For the production of ceramic objects, Chima developed a special technique. At the end of the ceramic firing, the furnace was hermetically sealed so that oxygen did not enter it. As a result, the iron contained in the clay dough was restored, which gave the surface of the products a deep black color. Unlike the Mochik culture, Chimu did not make drawings and patterns on ceramic dishes. More important than artistic processing was mass production. For the production of chimu fabrics, alpaca and vicunia wool were used. It could be easily painted and processed. Clothing was woven from wool for dignitaries, and carpets and even tents were also made.
Chima masterfully owned jewelry. Probably, at first they adopted some skills from Mochik, but independently developed this craft. They knew the techniques of casting and welding metals and were able to apply thin gilding to their surface. Chim also knew how to create various alloys . However, Chima lost their skills when most jewelers, after the Inca conquest, were relocated to Cuzco . Most of the products were smelted by the Spaniards during their conquest of the Inca Empire .
From air shots taken in 1932, a huge Chimu structure, the so-called Mayo Wall , was discovered. Its height was 3 m with a width of 4.5 m. It stretched from the Pacific coast to the slopes of the mountains in the depths of the mainland at a distance of 65 km. 50 fortifications were built into it, in which soldiers guarding the border served. The wall probably limited the first line of Chima expansion.
Despite the fact that the sun played a large role in the Chimu culture, the main deity was still the moon , because it was able to eclipse the sun. Therefore, solar eclipses were an occasion for large festivities. The ripening of the crops and the seasons were attributed to the chima to the lunar deity. The father of stones and rocks, which, according to the Chim belief, had magical powers, was the sun.

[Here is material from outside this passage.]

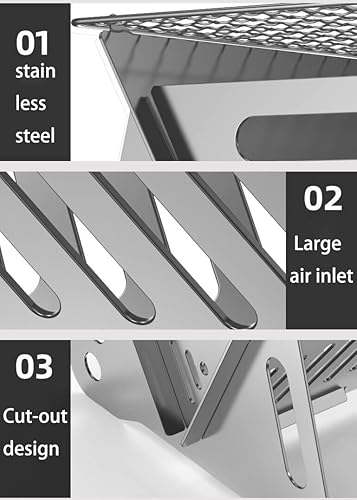 Miniatura 6 de Juego de utensilios de cocina para campamento, 10 piezas de utensilios para 3 personas, sartén de acero inoxidable, olla, hervidor, estante para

The state of culture of Chimu was Chimor . At its peak, the country's territory stretched along the Pacific coast for almost a thousand kilometers. According to legend, its founder and first king Naimlap arrived in the country with his fellow tribesmen in a flotilla of balsa rafts from somewhere in the north.
Under the last king of this dynasty, Fempeliek , natural disasters occurred in the country, causing famine and anarchy. Fempeliek was first overthrown by priests and nobles, and then drowned in the ocean.
A new dynasty of Chimu came to power. According to legend, the first representative of this dynasty, Takainamo , also arrived in the country on a flotilla of balsa rafts.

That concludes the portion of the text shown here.